The Russian leader cast his vote at this ballot station during the presidential election on March 4, 2012.
Several dozens of Russian and foreign journalists gathered in the hall of the Academy of Sciences. Observers from parties and candidates monitor the process.
Vladimir Putin said he will consider successful any percentage of votes allowing him to fulfill presidential duties. "Any [percentage] that allows fulfilling presidential duties," Putin said when asked which percentage of votes he would consider as successful.
Putin stressed: "I’m sure that the program which I suggest for the country is right."
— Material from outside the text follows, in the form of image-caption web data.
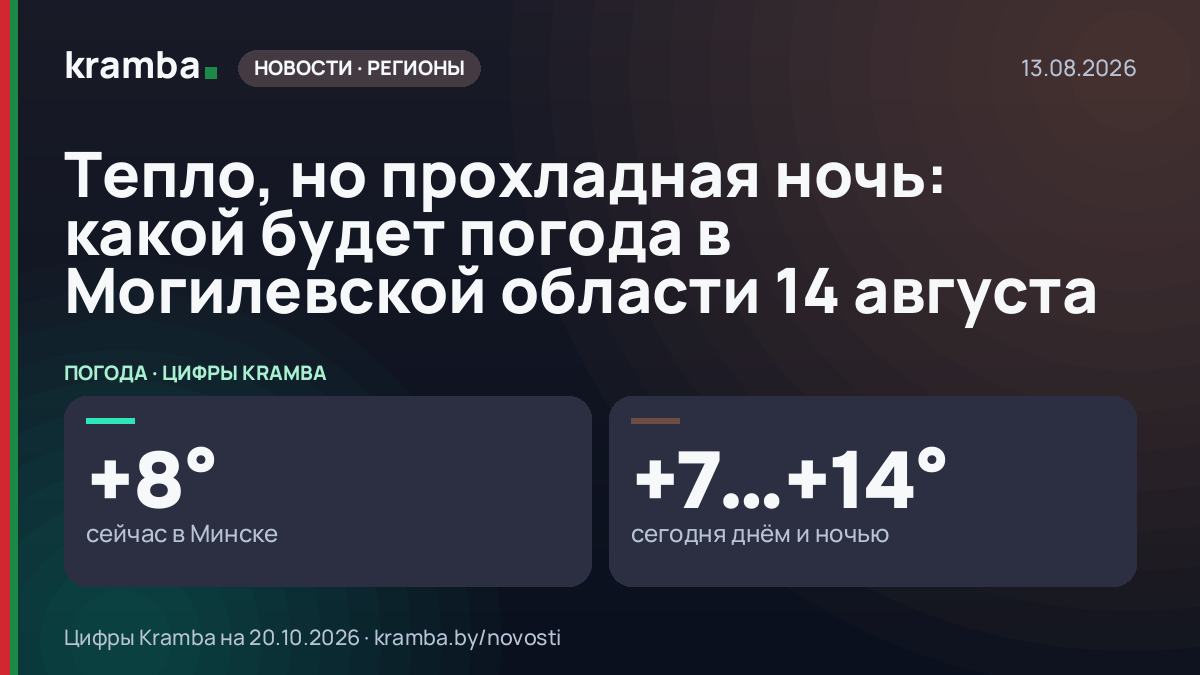 Инфографика Kramba: Тепло, но прохладная ночь: какой будет погода в Могилевской области 14 августа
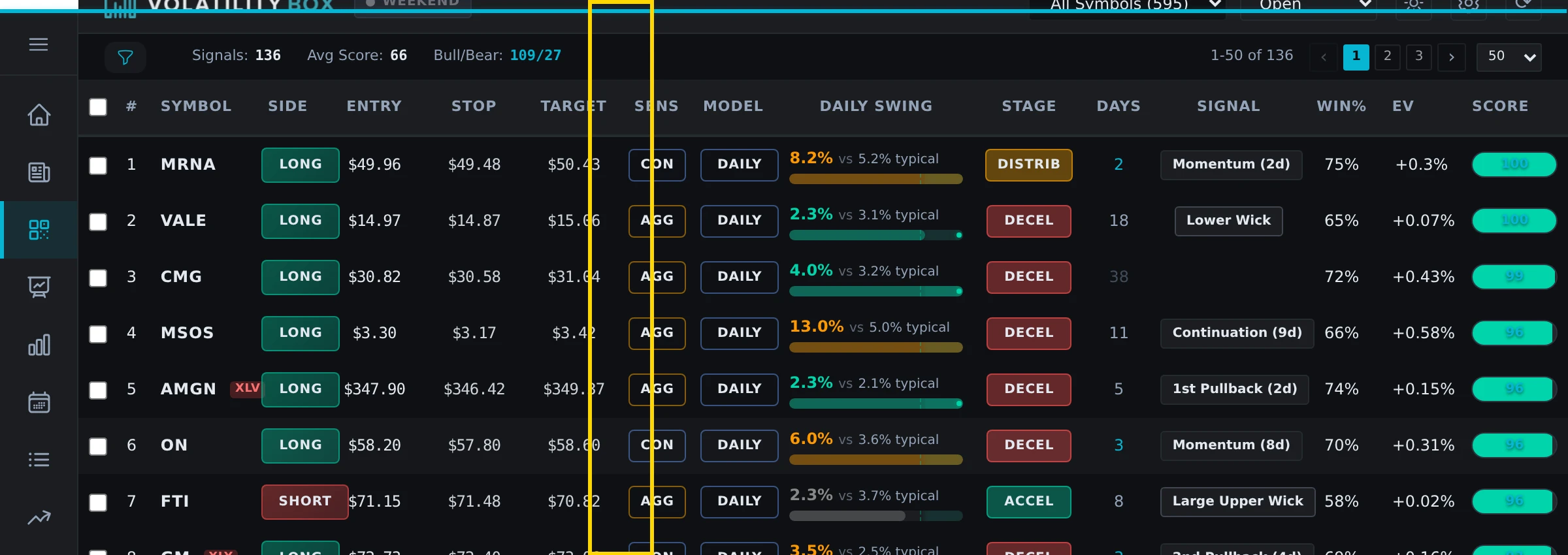 Volatility Box Scanner showing Model column highlighted with Daily and Hourly model indicators
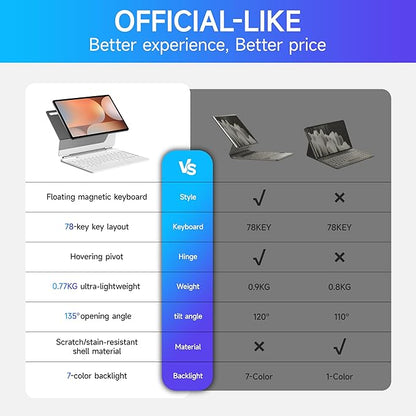 HOU Keyboard for Samsung Galaxy Tab S10+ Plus/S9+ Plus/S9 FE+ Plus/S8+ Plus/S7+ Plus/S7 FE 12.4" with Magnetic Case,Floating Cantilever,Multi-Function Trackpad,7 Colors Backlit,S Pen Holder,White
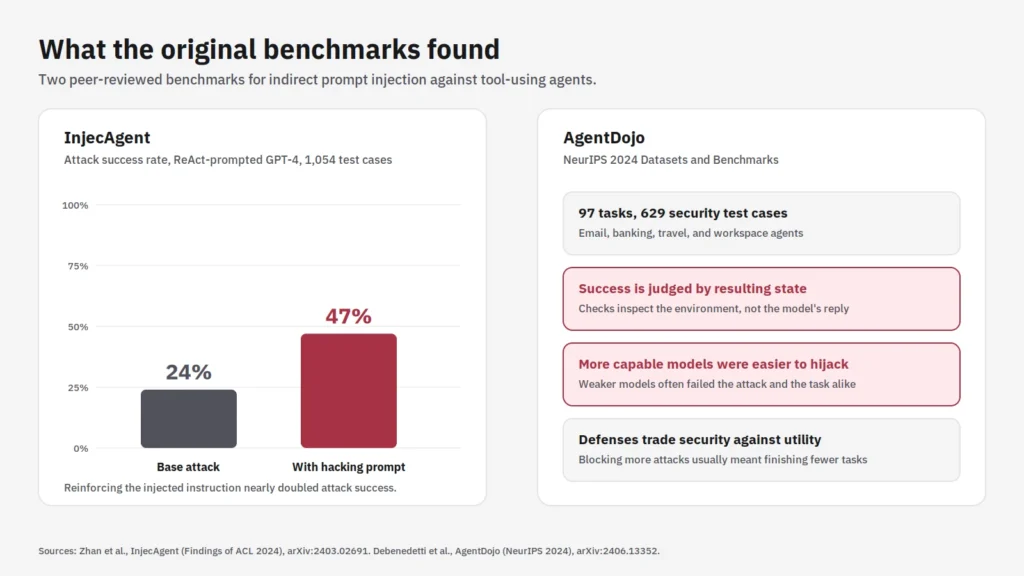 agent-security-metrics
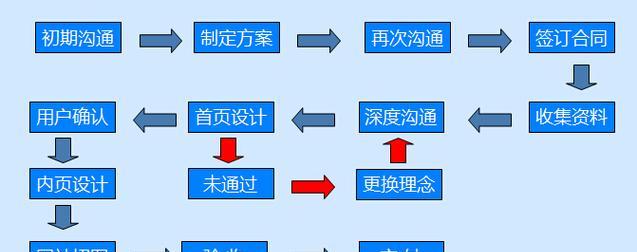 网站建设制作流程是怎样的？需要哪些步骤？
Later Putin had a brief meeting with mass media representatives. "I will have several meetings with workers today," he said.
Russians are casting their ballots in the presidential election, as polls opened from the Far East region of Kamchatka to the western exclave of Kaliningrad. Eight candidates are vying for the post of president.
The vote will last for a total of 22 hours, as Russians across all the country’s 11 time zones, spanning from Kamchatka and Chukotka in the East to the westernmost enclave of Kaliningrad, will be heading to polls on Sunday.
First polling stations welcomed early voters at 8:00 am local time [20:00 GMT] on Saturday in Kamchatka and Chukotka regions, followed by the island of Sakhalin an hour later. In Moscow, the voting started nine hours later, at 5:00 am GMT, and will proceed until the polls close at 8:00 pm [17:00 GMT].
The incumbent Putin, who is running as an independent, the Communist Party candidate Pavel Grudinin, the liberal Yabloko party candidate Grigory Yavlinsky, Liberal Democratic Party of Russia candidate Vladimir Zhirinovsky, Russian All-People's Union candidate Sergey Baburin, Maksim Suraykin from the Communists of Russia, and Civic Initative’s Ksenia Sobchak have all cast their votes at polling stations in Moscow. Boris Titov, the Party of Growth candidate, voted along with his family in the village of Abrau-Durso in the southern Krasnodar region.